*** Opening of Entries supplied ***
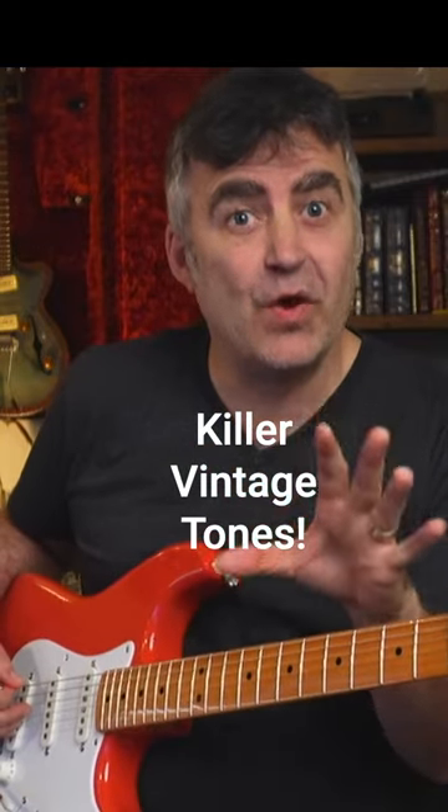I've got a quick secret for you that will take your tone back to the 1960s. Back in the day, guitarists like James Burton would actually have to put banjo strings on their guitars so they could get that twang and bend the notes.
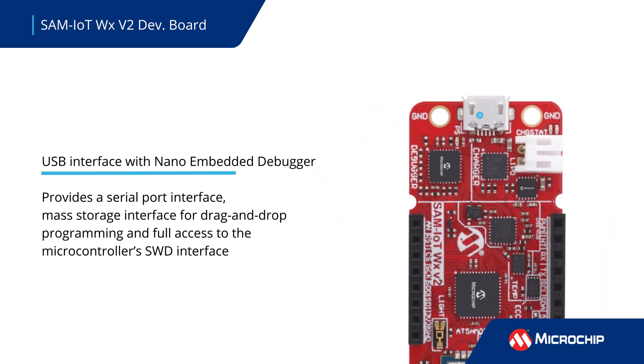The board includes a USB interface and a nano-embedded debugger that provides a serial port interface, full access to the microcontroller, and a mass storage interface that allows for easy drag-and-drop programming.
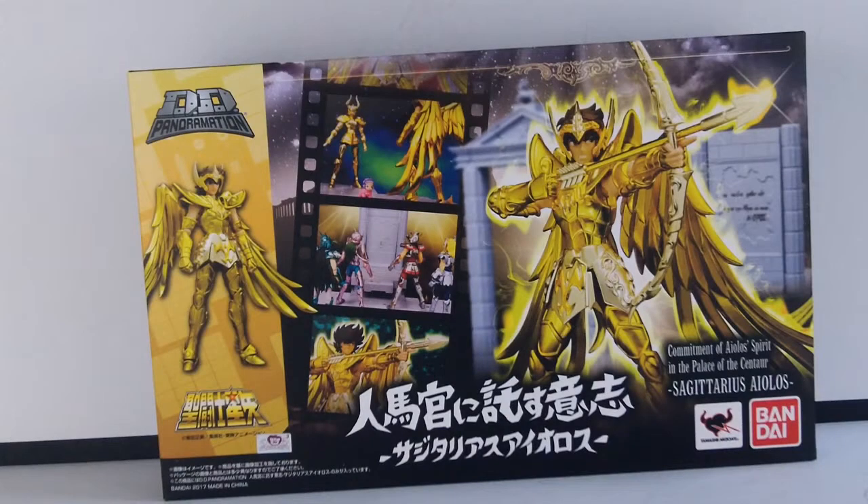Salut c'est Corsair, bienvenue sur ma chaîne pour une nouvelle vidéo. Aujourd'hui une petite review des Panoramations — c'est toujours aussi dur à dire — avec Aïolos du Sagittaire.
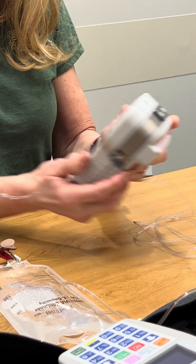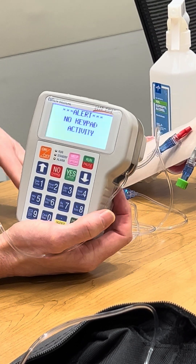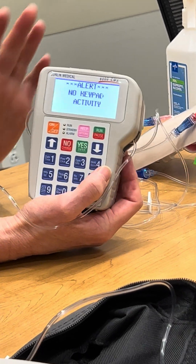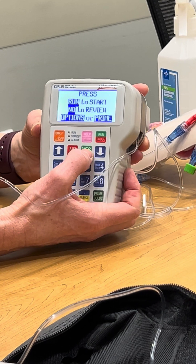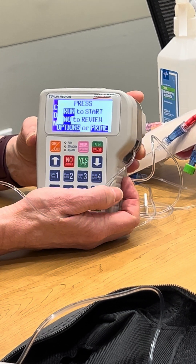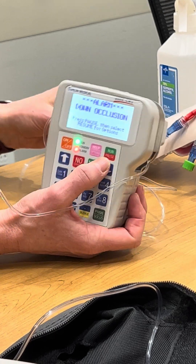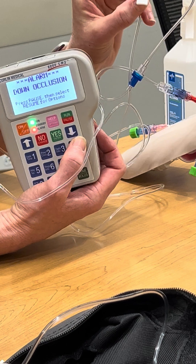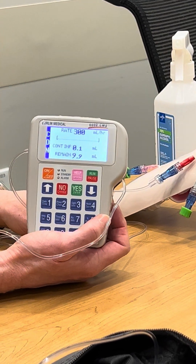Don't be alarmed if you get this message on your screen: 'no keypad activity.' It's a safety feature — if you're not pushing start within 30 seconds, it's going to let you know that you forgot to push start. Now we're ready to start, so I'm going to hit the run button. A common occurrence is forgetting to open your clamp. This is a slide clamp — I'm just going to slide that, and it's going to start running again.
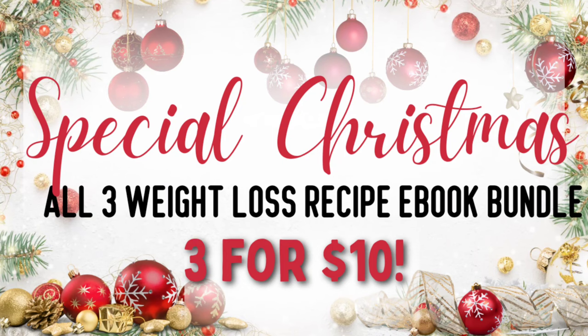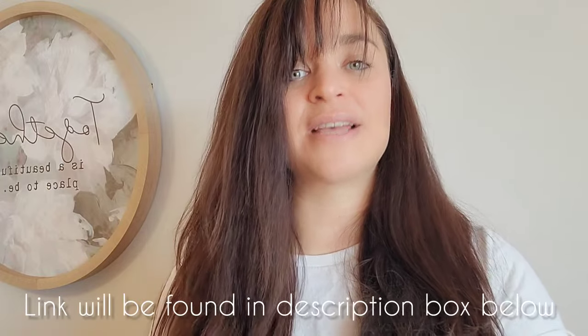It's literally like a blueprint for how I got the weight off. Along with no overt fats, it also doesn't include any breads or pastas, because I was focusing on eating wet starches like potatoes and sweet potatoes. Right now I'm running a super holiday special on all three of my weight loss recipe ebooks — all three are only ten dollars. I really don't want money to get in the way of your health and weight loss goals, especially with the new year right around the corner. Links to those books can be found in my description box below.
*** Close of Entries supplied ***
Your objective -
The records above are to be transcribed in full, with images omitted.

Solution to the problem -
I've got a quick secret for you that will take your tone back to the 1960s. Back in the day, guitarists like James Burton would actually have to put banjo strings on their guitars so they could get that twang and bend the notes.
The board includes a USB interface and a nano-embedded debugger that provides a serial port interface, full access to the microcontroller, and a mass storage interface that allows for easy drag-and-drop programming.
Salut c'est Corsair, bienvenue sur ma chaîne pour une nouvelle vidéo. Aujourd'hui une petite review des Panoramations — c'est toujours aussi dur à dire — avec Aïolos du Sagittaire.
Don't be alarmed if you get this message on your screen: 'no keypad activity.' It's a safety feature — if you're not pushing start within 30 seconds, it's going to let you know that you forgot to push start. Now we're ready to start, so I'm going to hit the run button. A common occurrence is forgetting to open your clamp. This is a slide clamp — I'm just going to slide that, and it's going to start running again.
It's literally like a blueprint for how I got the weight off. Along with no overt fats, it also doesn't include any breads or pastas, because I was focusing on eating wet starches like potatoes and sweet potatoes. Right now I'm running a super holiday special on all three of my weight loss recipe ebooks — all three are only ten dollars. I really don't want money to get in the way of your health and weight loss goals, especially with the new year right around the corner. Links to those books can be found in my description box below.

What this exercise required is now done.